This thread is white privilege at its worst. TANF needs reform? How? The program is as toothless as its ever been, having largely failed in its role to protect against economic disasters like the one in 2008. I could see if we were talking about an increase in benefits, but of course we are talking about a scaling back of the program.

This is what frustrates me the most. People who have never even lived at the cusp of poverty (like Romney) are demagoguing this issue, trying to push forward a negative stereotype when the reality of programs like TANF is very different. Romney was given everything by his father, but he's going to judge others who are less fortunate than him?

No actually he 'worked for a living'. A concept many on welfare should try. Are you suggesting that anyone who is not on welfare (and therefore pays the taxes for it) should have no say in how the system is run.

If the jobs are available -- and if the welfare recipients are the sorts of people that one wants on the job. In a really-nasty recession such might be almost as pointless as telling a destitute person to make wise investments in capital markets.

Then what is the point of our subsidising their existence on welfare.

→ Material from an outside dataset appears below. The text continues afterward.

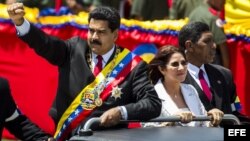 El presidente de Venezuela, Nicolás Maduro (i), acompañado de la primera dama.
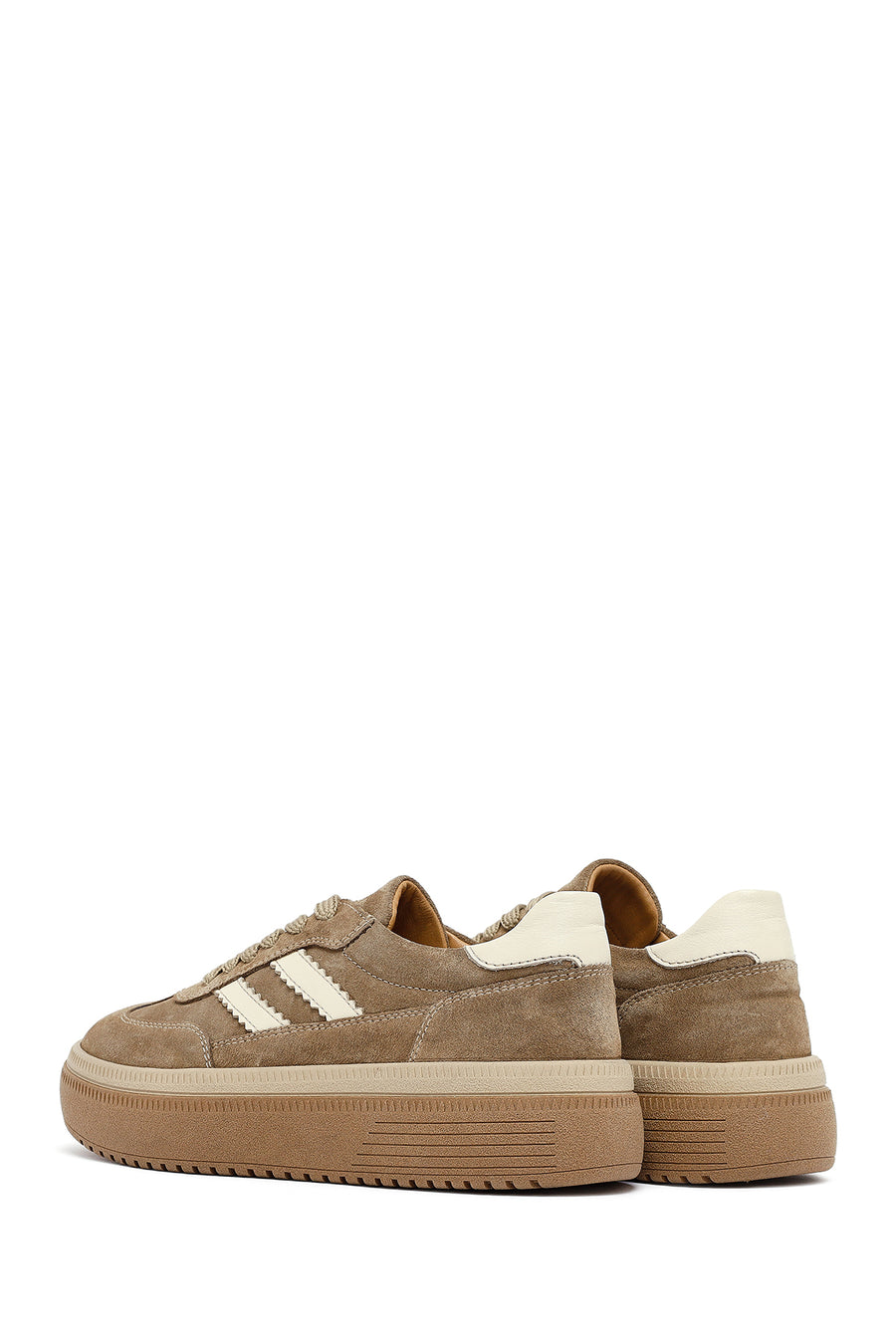 Kadın Bej Bağcıklı Kalın Tabanlı Süet Deri Sneaker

The point is that the civilized state treats, at the very least, the continued incarnated existence of its citizens, and if feasible as a matter of public policy their wellbeing, as intrinsically valuable, rather than valuable out of some sort of utilitarian cost-benefit analysis. It should be accepted as a general principle that 'subsidizing [its citizens'] existence' is the basic goal of most government policy relative to the area over which that government exerts its authority, the questions then becoming how this ought to be done and in what ways said existence ought to be subsidized (e.g. in a positive sense through welfare, which isn't inherently more or less valuable based upon the personal characteristics of the recipient in this analysis, versus in a negative sense through merely insuring that fellow-citizens won't randomly stab them in their sleep or at least that their next of kin can have legal recourse if this happens).